In this lively sequence of dances and instrumental episodes, the allegorical narrative is preserved by prefacing each number with Stéphane Dégout’s declamation (in French) of its title or description. Couperin's musical eulogy, then, is more a linear progression rather than a synthesis, and under Jonathan Cohen’s direction the members of Arcangelo delineate the movements’ different characters beautifully.
Lully is first depicted performing music in the Elysian Fields, with a mournful, languishing pulse for the ‘Concertant avec les Ombres liriques’, which is then enlivened by the subsequent ‘Air’, its notated sequences of regular quavers correctly interpreted in a dotted rhythm as notes inégales in accordance with French taste. Lully is summoned to Mount Parnassus by Apollo, the god of music, which prompts the envious mutterings of the composer’s contemporaries in the Underworld. Arcangelo evocatively realises the icy shrillness of their plaints, expressed by Couperin in a sequence of trilled parallel chords which echo the cold people’s shivering in Lully’s opera Isis (which in turn was the inspiration for the depiction of the ‘Cold Genius’ in Purcell’s King Arthur).
Lully’s arrival in the Upper World is met by Corelli and the Italian muses, and although Arcangelo performs ‘Accueil entre-Doux et -Agard’ (Bittersweet Welcome) with solemnity, the musicians later articulate the quavers with an almost-caricatured Italianate style as detached notes of equal value, standing in opposition to the French manner. Apollo’s suggestion that the “perfection of music” could be attained by the union of styles occasions a clutch of pieces which integrate those two musical styles, including a final ‘Sonade en Trio’ (pointedly avoiding the Italian term, sonata), despatched with lithe sympathetic ease.
Despite Arcangelo’s poise and finesse throughout, there could be a greater effect of narrative direction and urgency overall across the whole in order to forge something more than an extended suite of instrumental dainties, and Jordi Savall’s 1985 recording probably retains the edge in that respect.
This Hyperion release perhaps misses a trick by not including Couperin’s homage to Corelli, but for the filler Arcangelo turns to a work of genuine religious ritual, one of Couperin's most-famous compositions, Leçons de ténèbres, which receives exemplary performances from Katherine Watson and Anna Dennis who provide finely controlled and sensuous singing – not least in the long lines they both sustain, solo and in duet in the third set.

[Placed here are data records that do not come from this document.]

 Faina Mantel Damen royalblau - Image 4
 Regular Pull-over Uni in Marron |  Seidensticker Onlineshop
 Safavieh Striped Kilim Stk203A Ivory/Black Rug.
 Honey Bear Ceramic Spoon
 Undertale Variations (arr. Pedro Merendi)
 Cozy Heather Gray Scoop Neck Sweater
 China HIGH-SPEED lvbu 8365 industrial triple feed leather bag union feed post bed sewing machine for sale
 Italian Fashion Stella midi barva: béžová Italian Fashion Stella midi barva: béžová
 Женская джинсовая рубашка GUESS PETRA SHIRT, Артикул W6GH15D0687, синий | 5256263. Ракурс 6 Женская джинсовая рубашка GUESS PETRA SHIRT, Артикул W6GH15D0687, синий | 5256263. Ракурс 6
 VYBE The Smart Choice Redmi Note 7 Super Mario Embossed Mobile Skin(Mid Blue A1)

Their interpretations are expressive (using a French-style pronunciation of the Latin text, the latter and an English translation included in the booklet), particularly in the exquisitely elaborated melismas on the initial letters of each verse of the Biblical text (an acrostic poem in the Hebrew original), with Watson tending to cultivate a more yearning vibrato whereas Dennis sustains penetrating clarity.

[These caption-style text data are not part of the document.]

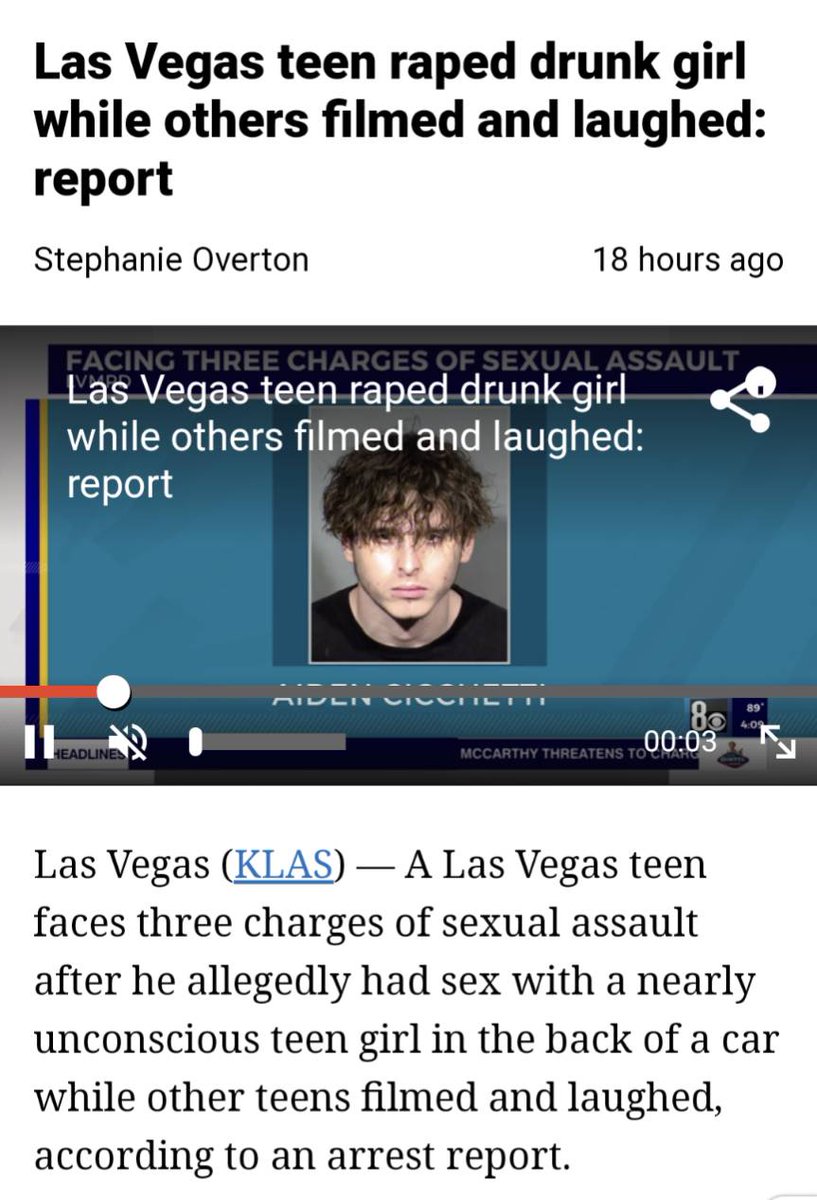 When Aiden Cicchetti was interviewed he denied he even had sex. When shown the video of him sexually assaulting the girl and people laughing while she begged him no, all of a sudden he and his attorney mom says it was consensual.

They laughed while she was being raped.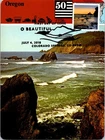 Dr Jim Stamps Maximum Card O Beautiful Coastline Scene Forever Fdc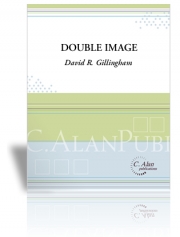 ダブル・イメージ（デイヴィッド・ギリングハム） (アルトサックス二重奏+ピアノ)【Double Image】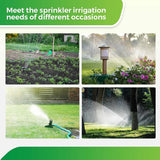 360-Grad Automatisk Rotering Metall Gräsmatta Sprinkler – Effektiv Trädgårdsbevattning Spruthuvud Carvallo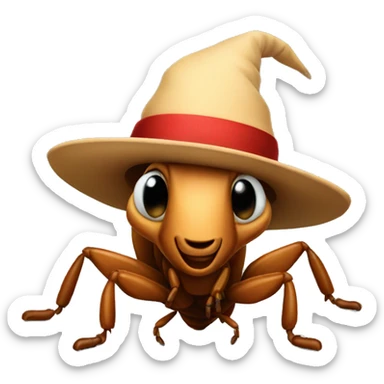Roach with hat sticker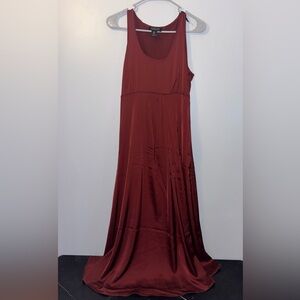 ♥️NEW Rachel Zoe Sleeveless Maxi Dress in Burgundy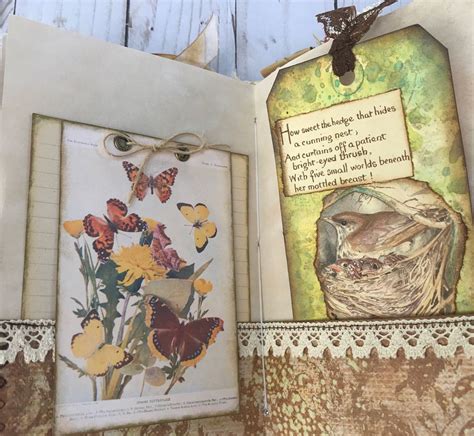 pin by sge on altered book junk journal ideas nature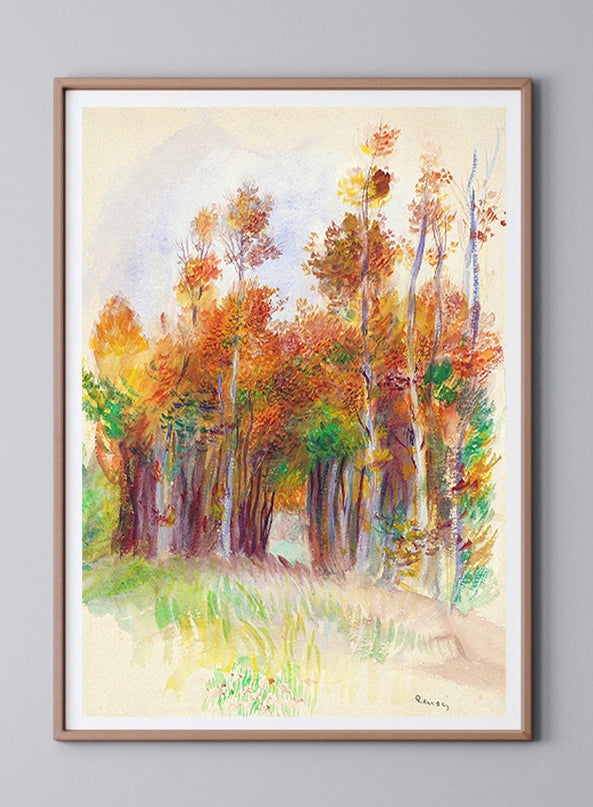 Auguste Renoir - Grove of Trees
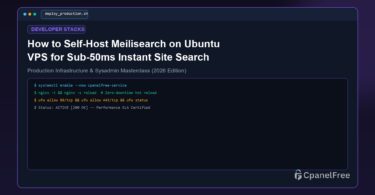 How to Self-Host Meilisearch on Ubuntu VPS for Sub-50ms Instant Site Search - CpanelFree Guide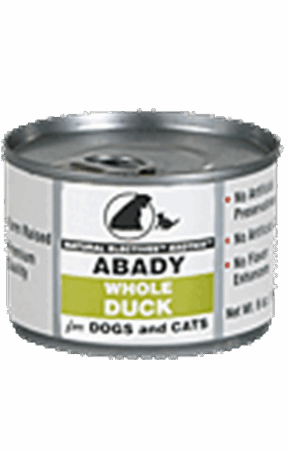 Abady Natural Electives Ground Duck for Dogs & Cats - 6oz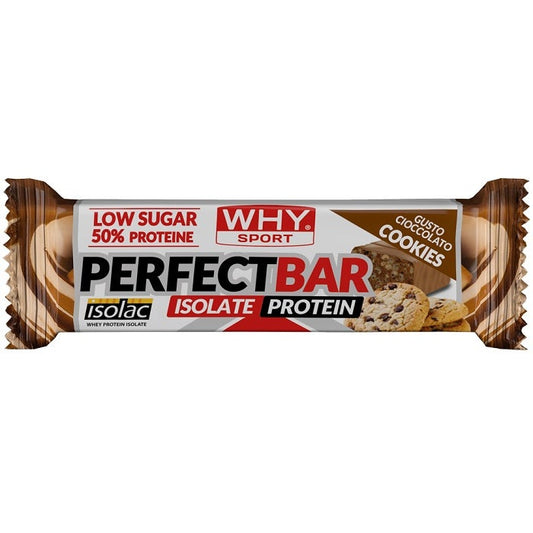 Why Sport Perfect Barretta Cioccolato Biscotto 50g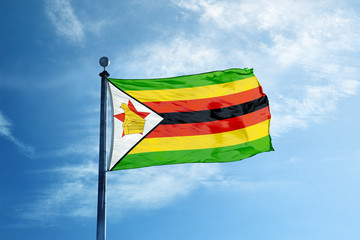 Zimbabwe flag on the mast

However, they render the settings of the text of the Lamentations with directness, embellishing the notes tastefully and spontaneously whilst each part of the continuo adds subtle rhythmic ardour without unsettling the whole, least of all the more-percussive tones of the lute in Thomas Dunford’s skilful support. René Jacobs’s recording brings a touch more drama, but this from Arcangelo offers strong competition to William Christie’s version with Sophie Daneman and Patricia Petibon or that by Lucy Crowe and Elizabeth Watts with David Bates and La Nuova Musica.